Таким образом, мы установили, что нам точно неизвестно, происходила ли в действительности эта встреча философа с друзьями, а если происходила, то где и когда: в месяце гекатомбайоне или фаргелионе, в 406 г. до н. э., когда Платон уже третий год был учеником Сократа (он поступил в школу в возрасте девятнадцати лет), или же в 421 г. до н. э., когда он был еще ребенком.
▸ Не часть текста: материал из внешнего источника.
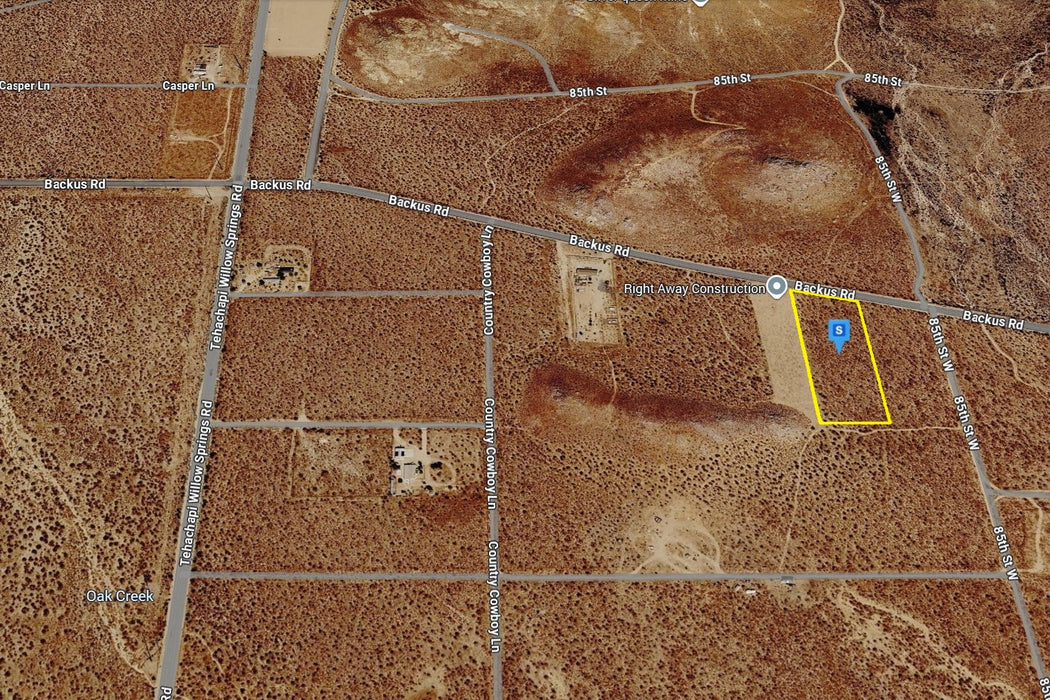 3.45 Acres Mojave, Kern County, CA (Power & Paved Road)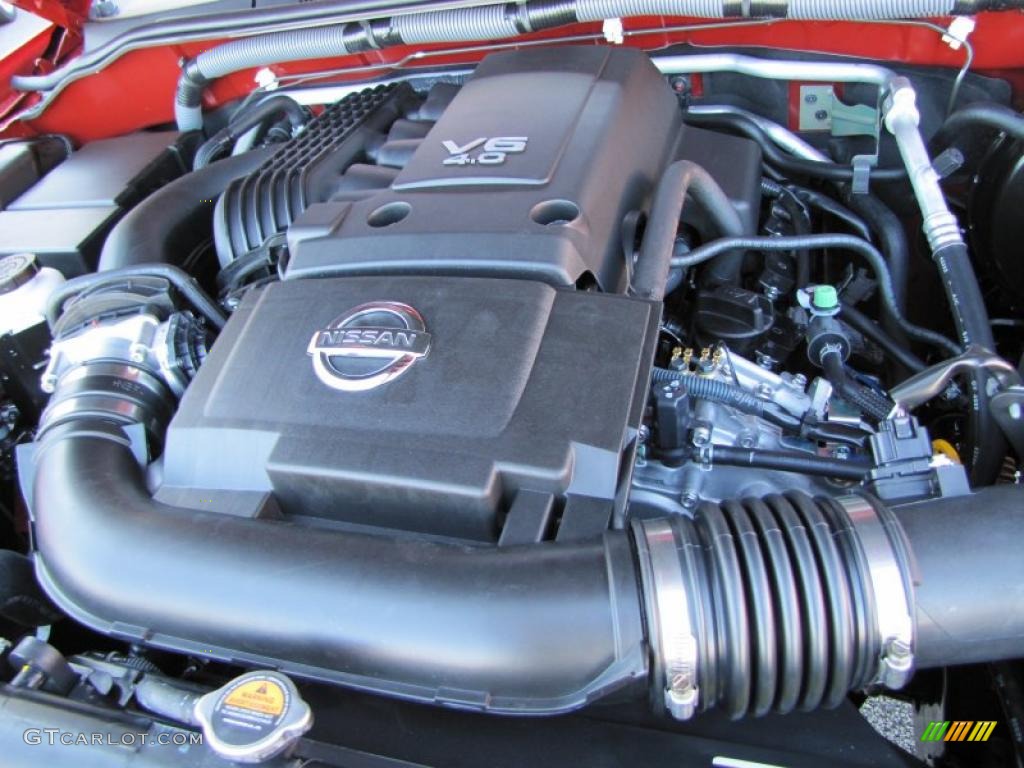 2011 Nissan Frontier SV Crew Cab 4.0 Liter DOHC 24-Valve CVTCS V6 Engine Photo #37799504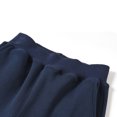 thumbnail image 6 of QUDDERR Toddler Kids Straight Sweatpants Boys Girls Fleece Jogger Pants Padded Thick School Uniform Pants 5-19T Winter Elastic Waist Thick Trousers for Youth, 6 of 8
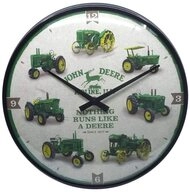 Nostalgic-Art Wanduhr Wanduhr K&uuml;chenuhr &Oslash;31cm Analog Metall Batterie - John Deere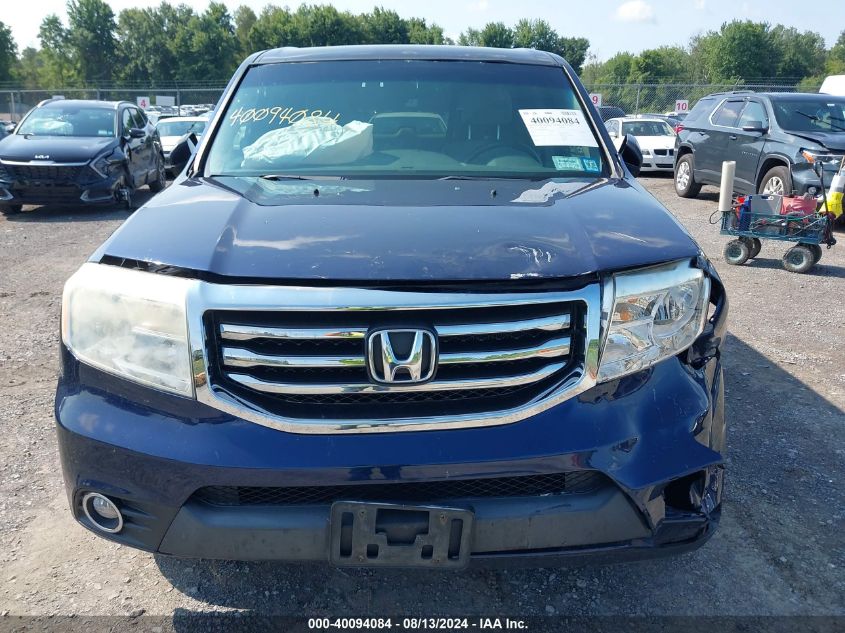 2013 Honda Pilot Ex VIN: 5FNYF4H46DB081173 Lot: 40094084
Во втором случае, если Платон даже и присутствовал на собрании, то ничего понять и запомнить не мог, а следовательно, передавая рассказ Крития, пользовался записями других, возможно Сократа, а может быть, своего родственника и друга Крития или же секретаря.

Оба диалога Платона, особенно «Тимэй», написаны довольно тяжелым, неестественным стилем, растянуты и скучны; чтобы дочитать их до конца, требуется немало терпения. Описание Атлантиды составляет лишь часть их, к счастью, довольно удовлетворительно и интересно написанную. Попробуем привести ее здесь, правда, в таком виде, который более соответствует современным протоколам, пропуская то, что несущественно и явно носит черты многословия, столь характерного для стиля Платона в последний период его жизни.

Заседание происходило с соблюдением и доныне принятых формальностей. Был зачитан список присутствующих. Председательствовал сам хозяин — Сократ. В качестве гостей были Критий, Тимэй и Гермократ. Встреча происходила в присутствии аудитории. Не исключено, что на собрании был и шести— или двадцатилетний Платон.

«Один, два, три, — начал Сократ, — но четвертый-то где у нас, любезный Тимэй, четвертый из вчерашних гостей — сегодняшних хозяев?».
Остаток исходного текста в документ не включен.